I think "ATL" is the wrong name for them *only here*, but I'm not opposed to making a sweeping change to name them ATL attributes everywhere in the compiler (including here). However, I also don't see an issue with continuing to call them Microsoft attributes, either, because it's unlikely to cause any lasting confusion (it's caused zero confusion in the years I've been working on Clang).

================
Comment at: lib/Parse/ParseDeclCXX.cpp:4031
@@ +4030,3 @@
+      ConsumeToken();
+      if (Name->getName() == "uuid" && Tok.is(tok::l_paren))
+        ParseMicrosoftUuidAttributeArgs(Name, Loc, attrs);
----------------
thakis wrote:
> aaron.ballman wrote:
> > thakis wrote:
> > > aaron.ballman wrote:
> > > > Silently ignoring seems like the wrong thing to do -- can we diagnose (even if it's a less-than-ideal diagnostics with a fixme)?
> > > We still skip the majority of [] contents. Maybe the token 'uuid' can appear in some other attribute, followed by something else. So we probably shouldn't diag on 'uuid' followed by not-'(' (right?). Do you want me to add a diagnostic for 'uuid' '{'? What about 'uuid' '['?
> > The grammar for the uuid attribute shows it requires the parens (it also shows that it only accepts a string literal, so take that with a grain of salt), so I think we should diagnose in this case, especially since we're manually parsing the args. So if you see "[uuid" followed by any token other than "(", I think that's an error (and MSVC treats it as such).

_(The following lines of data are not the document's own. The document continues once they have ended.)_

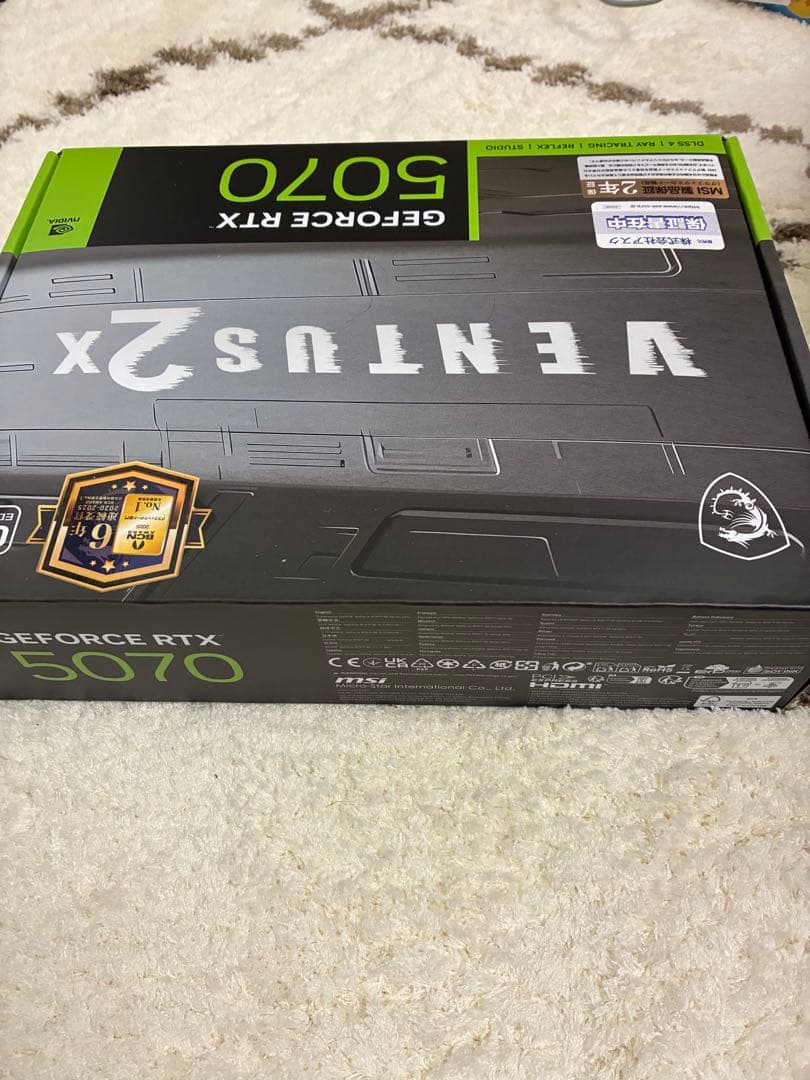 未開封　MSI GeForce RTX 5070 VENTUS 2X OC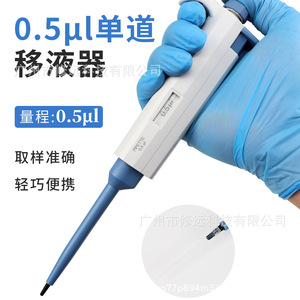 Pipeta de un solo canal de 0.5L de precisión para uso en laboratorio, material PP azul y blanco - Product Image 3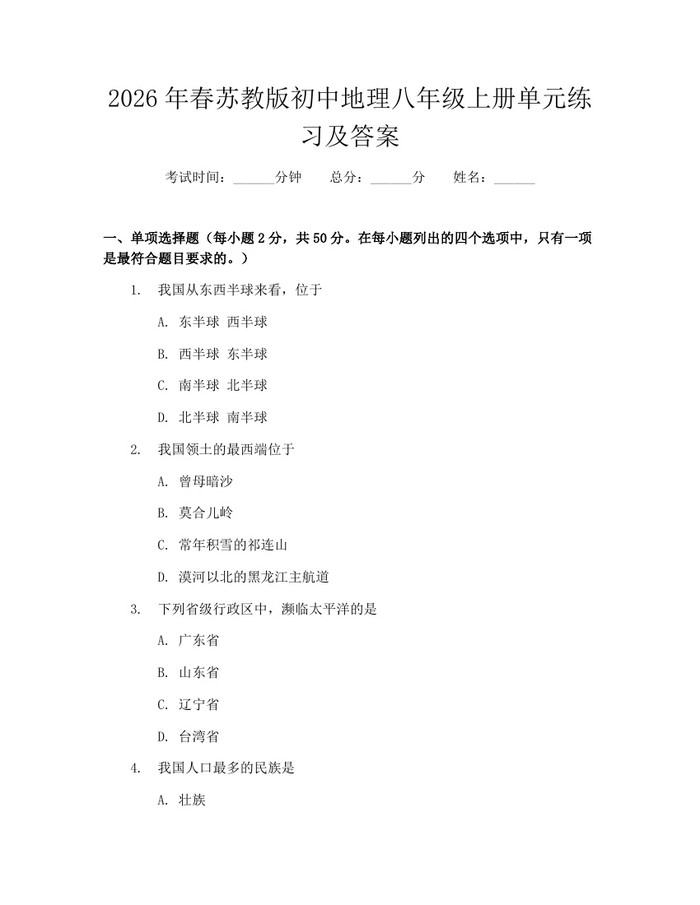 2026年春苏教版初中地理八年级上册单元练习及答案:(docx+pdf)免费下载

> Sure, but uuid could be preceded by other tokens, e.g.
> 
> [ someotherattrib(foobar...) ..., uuid {
> 
> someotherattrib might take an argument that's called uuid and it might be valid to have uuid followed by something not '(' there, say [identify_class_by(uuid), uuid("1-2-3")]. This is a made-up example; I don't know if this is actually the case, I'm just saying I don't know, so I think I shouldn't diag on 'uuid' followed by something not-'(' in general.
> 
> Do you want me to peephole-diag on '[' 'uuid' not-'(' in the case when uuid is the first attrib in the attrib list?
I'm a bit lost. You've processed the open square bracket, so you know you're in an attribute list. Then you ignore everything until you get an identifier. If that identifier is uuid, you do special processing. Right now, you require uuid( to do the special processing. What I am saying is that if, when processing an attribute-token within an attribute list, you find uuid followed by anything other than a (, it should be diagnosed.

So, I expect [identify_class_by(uuid), uuid("1-2-3")] to be fine, but [uuid["1-2-3-"], identify_by_class(uuid), uuid*] to diagnose the uuid["1-2-3"] and uuid* as being malformed (though I'd be fine if we skipped everything past the first malformed attribute if it's better for error recovery).